Fails Pruning on Mobilenet v2 and v3 #328

Open satabios opened 5 months ago

satabios commented 5 months ago

I'm trying to apply Channelwise Pruning. There persists few issues,

  1. However, a few layers were not able to be pruned; the list of layers is printed out via the try and except call!
  2. While loading the pruned model, the pruned model does not seem to be holding the same weights as the original model [code not shown here]. What is the best practice to make sure the unpruned weights get carried over?

    mobilenet_v3 = torch.hub.load('pytorch/vision:v0.10.0', 'mobilenet_v3_small', pretrained=True) pruned_model = copy.deepcopy(mobilenet_v3) DG = tp.DependencyGraph().build_dependency(pruned_model, example_inputs=test_input)

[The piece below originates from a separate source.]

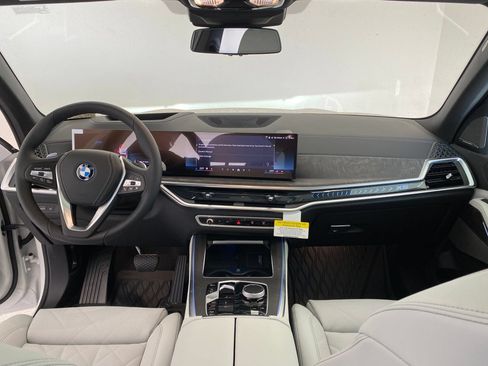 Used 2026 BMW X5 xDrive50e w/ Climate Comfort Package AWD/4WD image 14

    for group in DG.get_all_groups(ignored_layers=[], root_module_types=[nn.Conv2d, nn.Linear]):

    dep = group[0][0]
    layer_name = dep.target._name
    layer = dep.target.module
    new_layer_name = reformat_layer_name(layer_name)
    
    if isinstance(layer, torch.nn.Conv2d):
    
        out_channels = layer.out_channels
        in_channels = layer.in_channels
        groups = layer.groups
    
        if groups == in_channels:
            type_conv_prune = tp.prune_depthwise_conv_in_channels
            channels_to_prune = in_channels
        else:
            type_conv_prune = tp.prune_conv_out_channels
            channels_to_prune = out_channels
    
        result_array = generate_random_array(channels_to_prune)
        prune_layer = eval('pruned_model.' + str(new_layer_name))
    
        internal_group = DG.get_pruning_group(prune_layer, type_conv_prune, idxs=result_array)
    
        if DG.check_pruning_group(internal_group):
            internal_group.prune()
    
        try:
            _ = pruned_model(test_input)
            DG = tp.DependencyGraph().build_dependency(pruned_model, example_inputs=test_input)
            made_it += 1
    
        except:
            anomalous_layers.append("model." + new_layer_name)
            print("Ignore:", new_layer_name, type_conv_prune)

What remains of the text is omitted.